Drizzle does not manage partitioned tables directly the way this project needs, so the package exposes ref tables that match the parent partitioned tables.

import { items, ensureItemPartition } from '@dpg/database';

The API uses:

  • items for CRUD queries
  • ensureItemPartition() before inserting a new item
  • create_items.sql contains generic parent table DDL
  • examples/create_items_partitions.example.sql contains example partition definitions only
  • create_actions_events.sql contains generic parent table DDL for action and event runtime tables
  • examples/create_actions_events_partitions.example.sql contains example action and event partitions only
  • add_action_owner_columns.sql upgrades older action/event tables with owner snapshot columns

The database setup is split into two parts on purpose:

  1. Run create_items.sql
  2. Run your partition creation SQL
  3. Start the API, which can create missing runtime partitions through the helpers

The first scripts create the parent partitioned tables and shared indexes. The example scripts create deployment-specific partitions.

If your database already has action/event tables from an earlier version, run add_action_owner_columns.sql before using the ownership-enforced action and event fetch APIs.

create_items.sql enables three PostgreSQL extensions:

  • pgcrypto: used for gen_random_uuid() defaults on item_id and event_id
  • cube: required by the earthdistance extension
  • earthdistance: used for geo lookups with ll_to_earth, earth_box, and earth_distance

These extensions are needed before the geo index and distance filters can work.

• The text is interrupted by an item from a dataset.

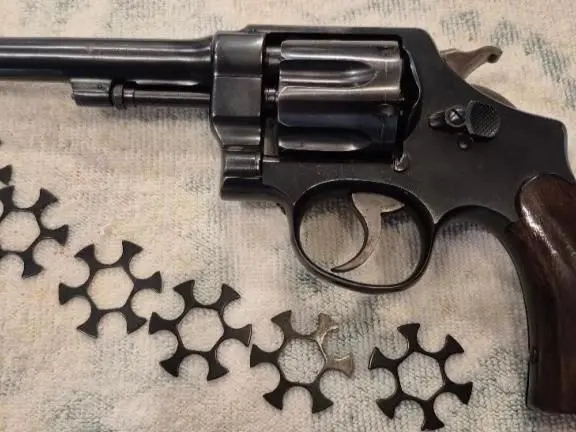 Pre Model 1917 45 caliber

The package models three parent tables:

  • items: stores the current item record
  • item_actions: stores runtime action instances between items
  • action_events: stores immutable events emitted by actions

Important columns in items:

  • routing keys: item_network, item_domain, item_type
  • record id: item_id
  • instance fields: item_instance_url, item_schema_url
  • document fields: item_state
  • geo fields: item_latitude, item_longitude
  • owner field: created_by
  • timestamps: created_at, updated_at

items.created_by is a foreign key to the Better Auth user table. The item APIs do not accept created_by from the client. The API derives it from the authenticated user and uses it for item ownership checks on update.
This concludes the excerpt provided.